And then, since our prohairesis is a faculty so important and placed above everything else, must it come and tell us that the most powerful of the things that are is the flesh? One would have not tolerated this statement even if the flesh itself had said to be the most powerful thing. Now, Epicurus, what is it that declares this? That compiles "On the end", "The Physics", "On the Standard"? That has let your beard grow long? That writes, when dying: "While we spend our last and at the same time blessed day..."? Your flesh or your prohairesis? You acknowledge, then, to have something better than the flesh and are you not mad? Are you indeed so blind and deaf?

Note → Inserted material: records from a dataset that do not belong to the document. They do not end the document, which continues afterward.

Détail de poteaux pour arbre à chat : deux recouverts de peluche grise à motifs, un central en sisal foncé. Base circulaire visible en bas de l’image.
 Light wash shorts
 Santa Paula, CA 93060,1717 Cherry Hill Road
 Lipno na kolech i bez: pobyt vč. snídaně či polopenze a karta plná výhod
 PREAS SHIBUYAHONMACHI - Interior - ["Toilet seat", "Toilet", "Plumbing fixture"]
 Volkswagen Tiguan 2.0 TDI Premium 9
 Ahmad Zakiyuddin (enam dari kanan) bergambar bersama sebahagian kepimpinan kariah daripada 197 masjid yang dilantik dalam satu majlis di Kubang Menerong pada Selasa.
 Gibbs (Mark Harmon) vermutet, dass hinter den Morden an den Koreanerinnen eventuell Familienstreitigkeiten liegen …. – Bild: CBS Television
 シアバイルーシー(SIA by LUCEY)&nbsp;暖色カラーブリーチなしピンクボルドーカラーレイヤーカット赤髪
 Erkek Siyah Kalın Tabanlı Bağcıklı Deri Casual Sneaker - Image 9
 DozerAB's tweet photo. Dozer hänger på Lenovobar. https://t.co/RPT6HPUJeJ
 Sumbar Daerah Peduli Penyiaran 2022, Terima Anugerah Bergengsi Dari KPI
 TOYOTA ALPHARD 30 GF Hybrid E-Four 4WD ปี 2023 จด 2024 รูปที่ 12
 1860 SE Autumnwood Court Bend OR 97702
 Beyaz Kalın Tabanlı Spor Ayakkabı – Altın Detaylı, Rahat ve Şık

What then? Does anyone disparage the other faculties? Far from it. Does anyone say that there is no need or promotion outside of the faculty of prohairesis? Far from it. This would be crazy, impious, ungrateful towards Matter Immortal. Matter Immortal gives back to each its own value. For there is a certain use in the ass but not as much as in the ox; there is a use in the dog but not so big as in a household slave; there is a use in a household slave but not so big as in the citizens; there is also a use in these but not so big as in the magistrates. Yet because some things are better we must not disparage the utility that is provided by the other things too. Also the faculty of expression has a certain value, but not so big as the faculty of prohairesis. When, then, I say this, do not think that I am urging you to neglect the expression, for I am not urging you to neglect your eyes or ears or hands or feet or clothes or shoes. But if you try to know from me: "Of the things that are which one is, then, the most powerful?" What to say? The faculty of expression? I cannot; but that of prohairesis, when it becomes right. For this is the faculty that uses that one and all the other arts and faculties, both small and great. When this happens successfully, a good man is born. When this fails, a bad human being is born. Through prohairesis we are misfortuned or fortuned, we blame each other or we are well pleased; in short prohairesis is what engenders unhappiness when it is neglected and happiness when it obtains our diligence.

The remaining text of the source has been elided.